I used to not care one way or the other about supercomputer architecture, back when I was more on the math side of things. After all, math is math, right? It should always work no matter what the machine looks like.
But as it turns out, a supercomputer's architecture influences the feasibility of algorithms. An algorithm that requires a lot of communication will not perform well on a supercomputer with a slow interconnect, for example. There are many different architectures out there, and different algorithms work better on different machines.
There are seven common patterns in the scientific computations we encounter in the high-performance computing world: sparse linear algebra, dense linear algebra, structured grids, unstructured grids, N-body problems, fast Fourier transforms, and Monte Carlo algorithms. There are other patterns, but these are the top seven in HPC. Each of these types of algorithms thrive under different conditions.
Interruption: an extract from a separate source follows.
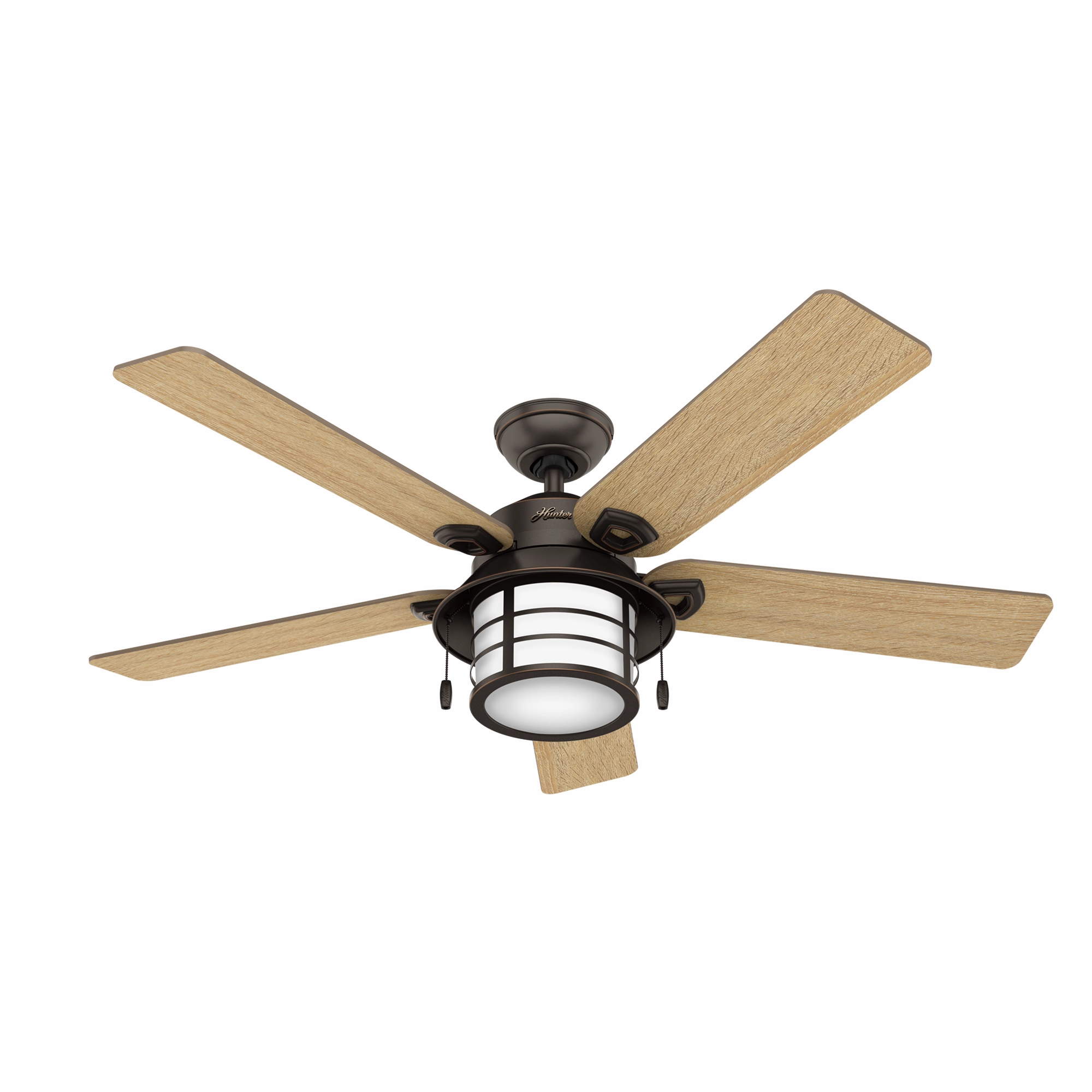 Key Biscayne 54"Ceiling Fan Onyx Bengal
When you are designing and building a supercomputer, you have constraints on budget, power consumption, and size. What elements of the machine do you beef up, and what elements do you cut corners with?
At this point, you have to think of your intended users. If all your users are computational biologists studying protein folding, then there's a machine already out there for them: the IBM BlueGene. This machine is great for the N-body algorithms employed in the study of protein folding and molecular dynamics in general.
But, if your users are nuclear physicists, then the BlueGene is about the worst way to go. BlueGenes are low processor power, low memory machines -- the antithesis of an ideal nuclear-physics machine. The two things nuclear physicists need the most for their sparse and dense linear algebra calculations are memory and floating-point operations. Nuclear physicists would do best on machines that had huge shared memory banks, but unfortunately, there aren't really any machines like that these days.*
The hard part is when you have a mixed group of target users, who use more than one or two of those seven fundamental patterns. Since each pattern stresses different elements of the machine, you would like your all-purpose machine to have top-of-the-line processor speed, memory, and interconnects. But, since you are constrained by cost, power consumption, and existing technologies, something's gotta give.
Today, floating-point operations (Flops) cost practically nothing, because fast processors are cheap. So today's supercomputers are capable of performing more Flops than application scientists are capable of consuming. The real bottlenecks lie in memory and communication.
Memory is constrained by two factors: cost and power consumption. The cost of memory on a single node does not scale linearly -- 4 GB per core costs more than twice as much as 2 GB per core. Memory also requires a lot of power, so the more memory you have, the less power you have remaining to be used by the processors.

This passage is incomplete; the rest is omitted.